I will present recent developments in three directions. First, relationship-based representation learning across samples and conditions, which captures persistent local patterns and provides interpretable embeddings predictive of disease progression and treatment response. Second, integration approaches that augment and align data across omics modalities, platforms, and conditions to reveal coherent molecular and cellular patterns, including their trajectories. Finally, graph-based modeling that associates tissue architecture with clinical outcomes, identifying spatial features that improve patient stratification.
These developments are flexible, communicable, and readily deployable.

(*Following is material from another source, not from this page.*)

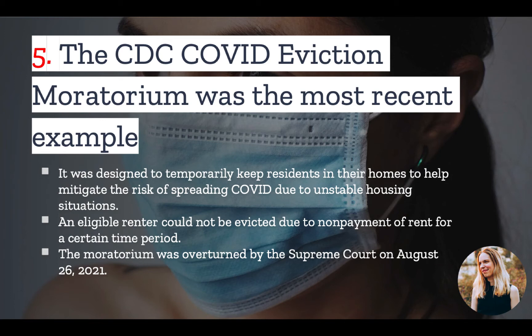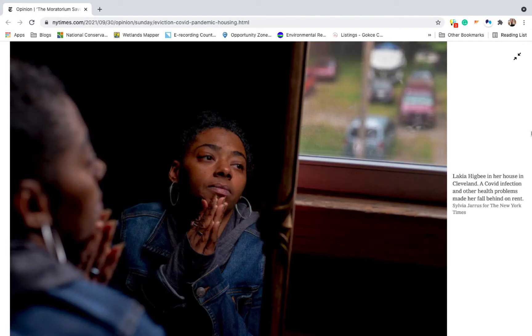Now we mentioned Vanny's story at the beginning of this video, which was one perspective on the eviction moratorium. There is a whole other side as well. Consider Lakia Higby, who contracted COVID while working at an Amazon warehouse and wasn't able to work for a month. But even after she recovered from the worst effects of COVID, she started suffering from seizures, and only the eviction moratorium prevented her from ending up on the street with her children. So the eviction moratorium was a very important lifeline for thousands, if not millions, of tenants across the U.S.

Their outputs can be combined to define clinically relevant tissue regions, cellular organizations, and molecular relationships, which can then be refined with more precise experimental technologies. In this way, we transform high-dimensional spatial data into mechanistic insight and compact spatial marker patterns and molecular panels, accelerating the translation of discoveries into clinical practice.
Biography:
Jovan Tanevski is a Group Leader at the Institute for Computational Biomedicine, Faculty of Medicine, Heidelberg University and Heidelberg University Hospital, Germany, where he also heads the computational platform of the Translational Spatial Profiling Center. His research lies at the intersection of systems sciences and machine learning, focusing on the development of explainable AI/ML and optimization-based methods for representation learning, integration, and alignment of single-cell, imaging, and spatial omics data. His work aims to uncover clinically relevant spatiotemporal patterns and mechanistic insights across molecular layers to better understand disease heterogeneity, progression, and response to treatment.